In Kathmandu, Finding Notes of Commonality in Nepali Folk Music


A waiter asks if he can borrow Poole’s guitar. “‘Knockin’ on Heaven’s Door,’” he says. “Guns N’ Roses.” Before I can say the name Dylan, he’s singing the song, and I’m joining in, as do all the guests and hotel staffers in the lobby. “Musicians love to meet other musicians,” Linhardt says. Jadhari laughs and nods.

The itinerary isn’t all jams. Linhardt arranges visits to Bungamati, a village renowned for its wood-carvers and where she lived while studying; pottery stalls; and a thangka-painting school. It’s the music that draws me most, though. One morning we stop by the Music Museum of Nepal, which curator and owner Ram Prasad Kadel established in 1995 to preserve music customs. Among the collection of nearly 1,200 instruments is an array of sarangis and tungnas, and a 10-foot-long laawaa horn. “Most of the old people are dying, and all the skill and talent in their minds is not written down,” says Kadel.
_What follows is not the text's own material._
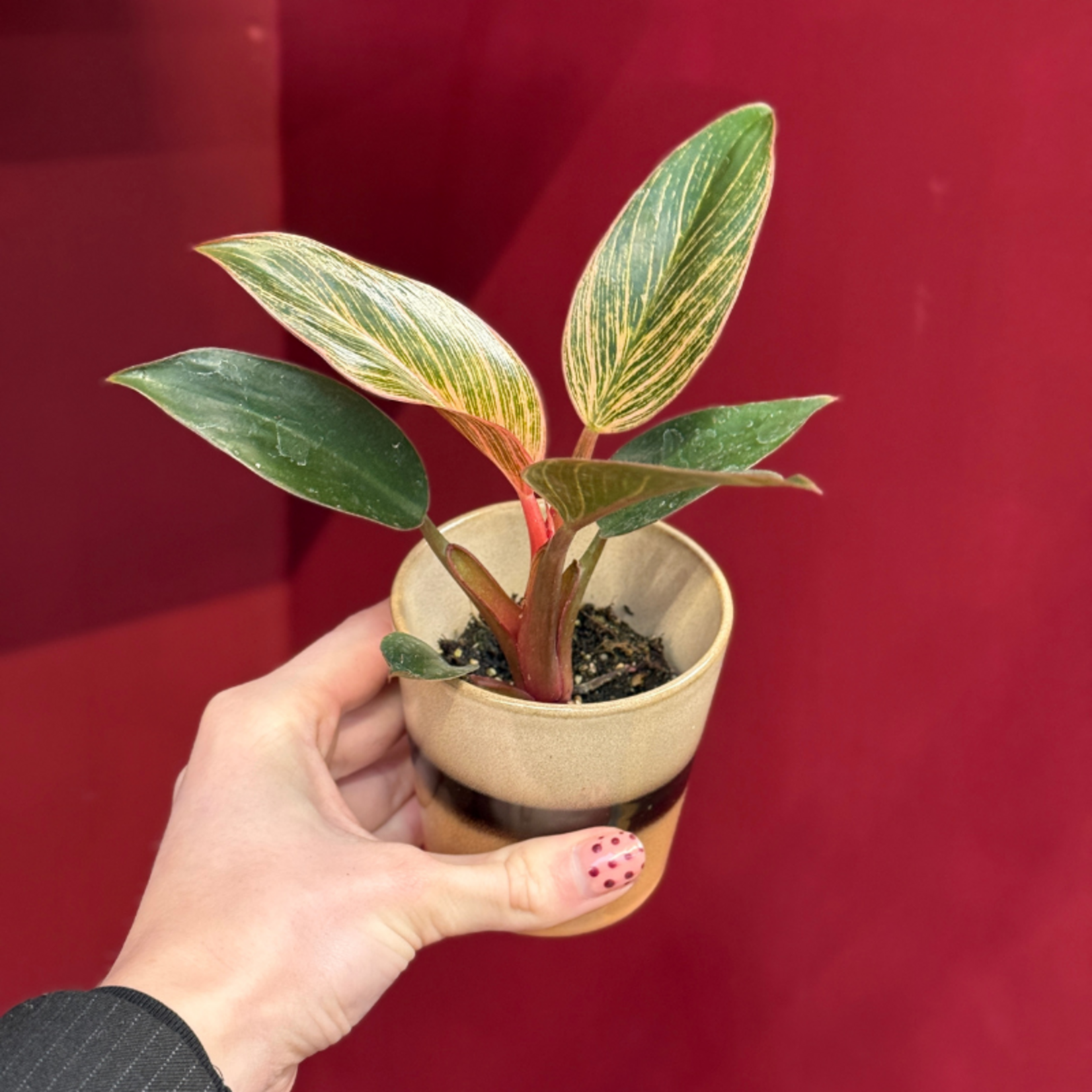 Philodendron - 'Pink bikini' - mini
Instruments like the sarangi, pictured, are preserved by Project Sarangi that aims to preserve and promote Nepali folk music.

Kiran Nepali at Project Sarangi

Toward the end of the trip, we go to Project Sarangi, another organization that aims to preserve and promote Nepali folk music. It’s run by Kiran Nepali, the virtuoso sarangi player for Kutumba, a revolutionary Nepali band that has toured all over the world. Our group sits in a circle in the project’s classroom, and Nepali shows off his favored instrument and tells us about his path to becoming a musician.

“I’m a Gandarbha,” he tells us. “Generations of my forefathers have been playing, but I didn’t start early, because my father said we should study.” He began Project Sarangi to try to destigmatize Gandarbhas and encourage young people to pick up the instrument. Nepali built a factory to standardize manufacturing and opened this teaching space to give lessons. He also employed effect pedals to go with other rock-and-roll elements in Kutumba’s shows. “You have to make it cool,” he says.

Ironically, digging into his own people’s music has helped Nepali play a variety of folk styles around the world. He recalls visiting Scotland, where a local musician began playing a tune on bagpipes. “We were like, ‘That’s very familiar.’ Same thing happened to me with bluegrass. Same thing happened to me with Irish music. All this folk music, somehow it’s connected.” Linhardt and Nepali then lead us in a jam. I do my best to keep up as they exchange the rapid-fire notes of the bluegrass standard “Squirrel Hunters.” She’s on mandolin, he’s on sarangi, but somehow they’re speaking the same language, a worldly tongue I’ve gotten a little closer to picking up myself.